Preserving Farmland For Clarke’s Future

Conservation Easement Authority Begins Next Ten Years

Quick quiz. What’s a conservation easement?

A)       A technique for maintaining the state or feeling of comfort or peace, as in the archaic “time brings easement.”

B)      A voluntary, legally binding agreement that limits certain types of uses or prevents development from taking place on a piece of property now and in the future.

C)       A device for easily keeping (or conserving) things, as with a photo album.

 

No points, if you guessed C. Partial credit for guessing A, as people who grant conservation easements often find great peace of mind. A gold star for knowing that a conservation easement is a way for landowners to voluntarily donate or sell some of the rights to their land to protect its environmental, agricultural, or historic values. Since the inception of conservation easements in 1960, they have become the most important tool for land conservation in America—especially in Clarke County.

This year, the Clarke County Conservation Easement Authority celebrates its tenth year of conserving farmland and open space. Since accepting its first easement in 2003, the Easement Authority has recorded 79 easements covering nearly 5,000 acres—a remarkable achievement by any measure.

The easement authority was established by the Board of Supervisors in 2002 to preserve land with significant agricultural, natural, scenic, and historic values. Combined with other easements held by the Virginia Outdoors Foundation—which has easements on more than 15,000 acres—and others, there are about 22,000 acres of “eased” land in Clarke County. That’s about 15 percent of the county, according to Alison Teetor, a Clarke County planner who works on the easement program,

So what’s an easement?

The classic explanation involves thinking of land rights as a bundle of sticks. When someone grants a conservation easement, they give away a stick or two—like development rights or clear-cutting forest land. But the owner retains ownership and use of the land, along with all other rights not granted in the easement—including the right to sell or bequeath their land in a will.

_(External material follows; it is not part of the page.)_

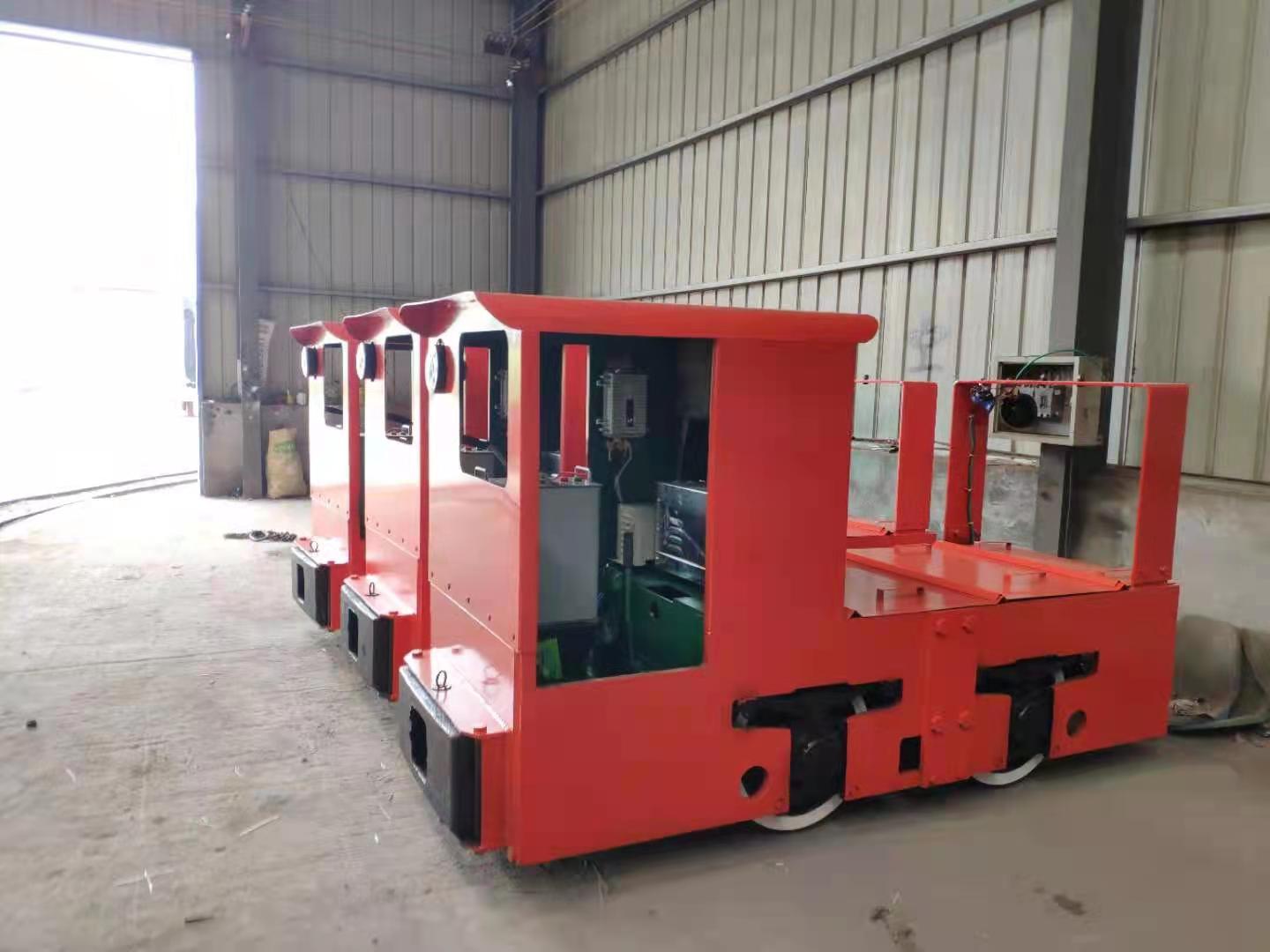 10t电机车矿用电机车价格优惠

Teetor says there are three ways the county acquires easements: Purchasing easements based on appraised value, purchasing “Dwelling Unit Rights,” and donations from landowners.

Funding, says Teetor, comes from a range of sources, such as the Federal Farmland and Ranchland Preservation Program, Virginia’s agriculture department, the Virginia Outdoors Foundation, and the Resource Conservation and Development Council. “The easement authority also receives an annual appropriation from the Board of Supervisors,” said Teetor. “And over the last four years has received an average of about $25,000 in private donations.” The donations help offset the myriad costs of doing land deals, like appraisals and legal fees.

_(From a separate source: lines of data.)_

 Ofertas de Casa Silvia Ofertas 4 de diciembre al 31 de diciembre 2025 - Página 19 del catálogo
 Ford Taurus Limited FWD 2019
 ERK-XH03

Donated easements account for the lion’s share of the acreage conserved by the easement authority—even the purchase agreements require the landowner to donate part of the value of the easement as a match.

Why would someone donate some of their land’s development rights? Stephen J. Small, a lawyer who works with families in land planning, famously says there are three reasons why people enter into an easement agreement: “They love their land, they love their land, and they love their land.”

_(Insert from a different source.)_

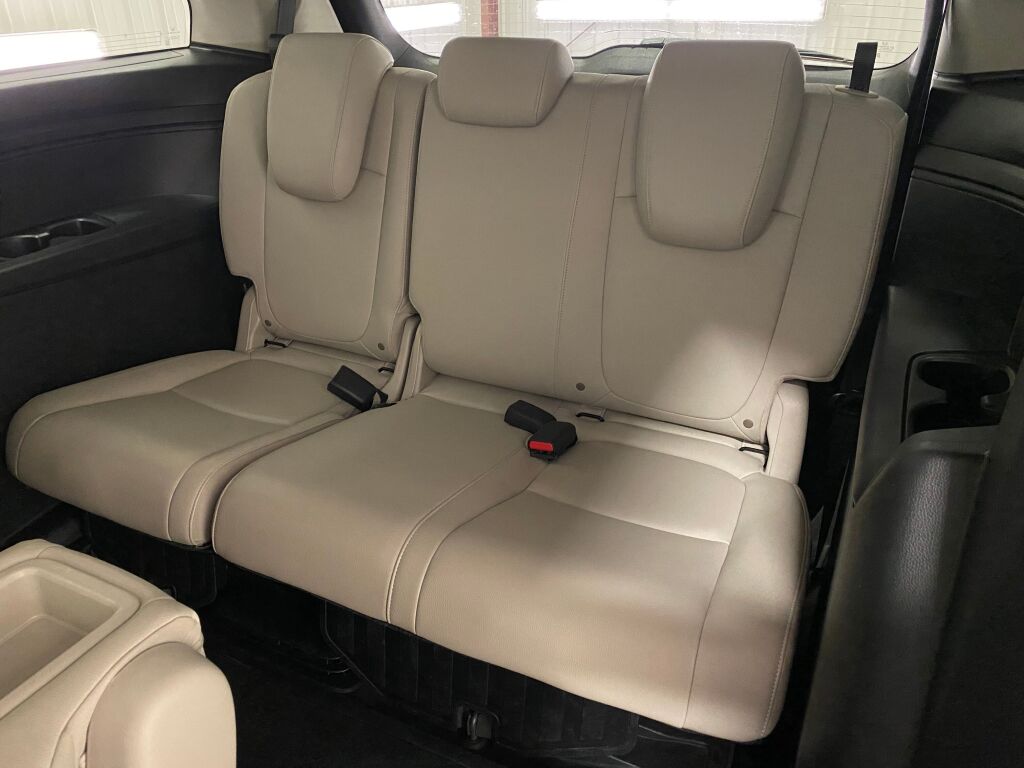2025 Honda Odyssey photo 27 of 38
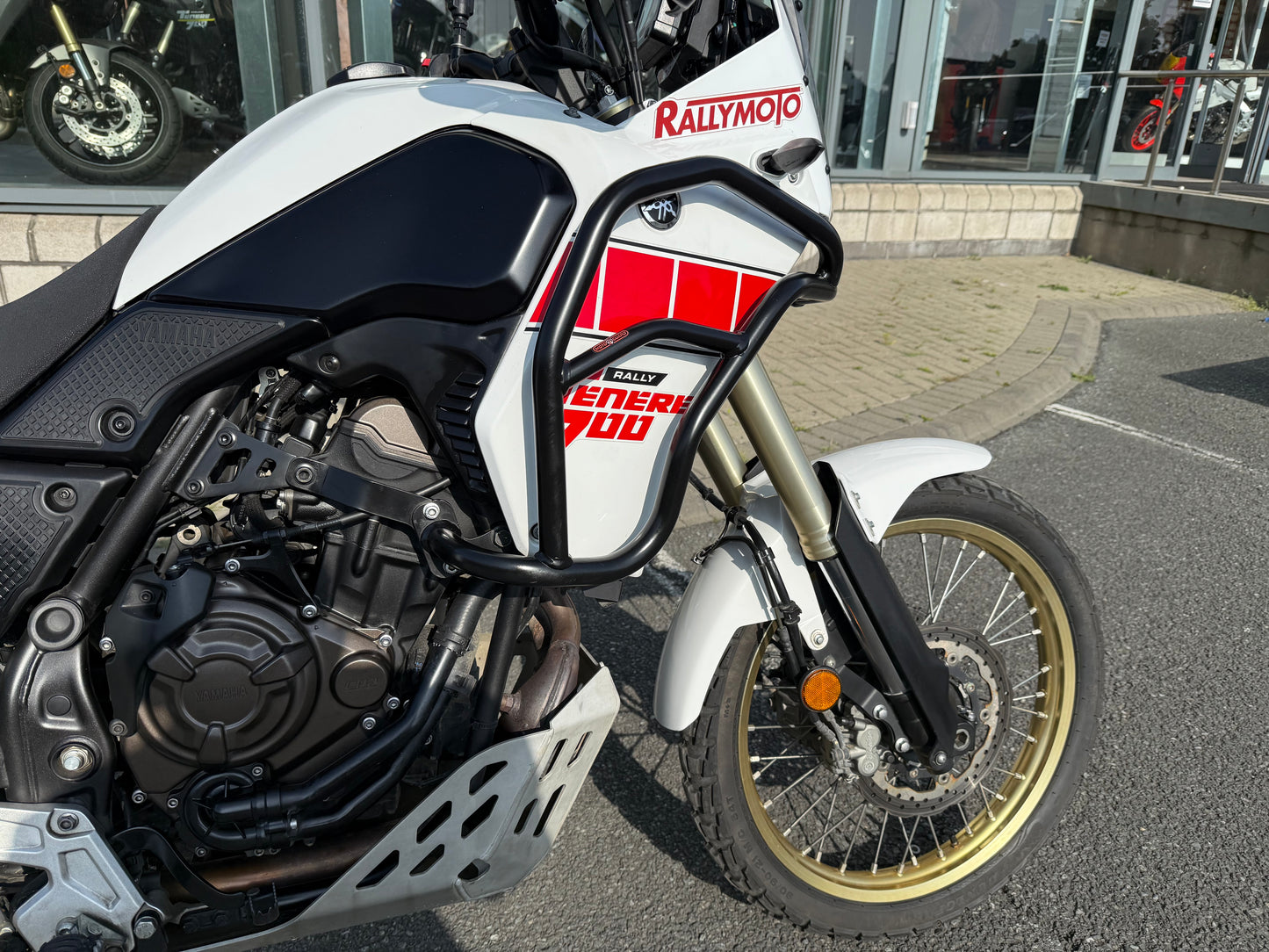 2023 Yamaha Tenere Rally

There can be tax benefits, including federal and state income tax deductions. Virginia has an added sweetener: the transferrable conservation tax credit. It enables landowners who don’t have the income to benefit from tax deductions to make money by preserving their land. Say you donate an easement on 50 acres. The appraised value of the easement is considered a charitable donation, and in Virginia might qualify for the conservation tax credit (the legislature determines each year how many tax credits to allot). Your Virginia tax credit can be sold to a person or company for use in paying their tax bills.

It’s rare for subjects like land planning or public funding of anything to avoid criticism. Conservation easements, though, enjoy broad support across the political and ideological spectrum. They are, after all, voluntary.

Public funding for easements has its detractors, but data consistently show that conservation easements can pay for themselves by reducing need for public services and infrastructure. Teetor says each new home costs the county about $900 a year. She notes that the county saves close to $20,000 each year through the easements it already has—the difference between what the county spends on the program and what it saves by retiring development rights.

In 2012 the Clarke County Easement Authority’s board was one of five Governor’s Environmental Excellence gold medal winners—a shout-out from Richmond that says the Easement Authority’s operation is one of the most effective in the Commonwealth.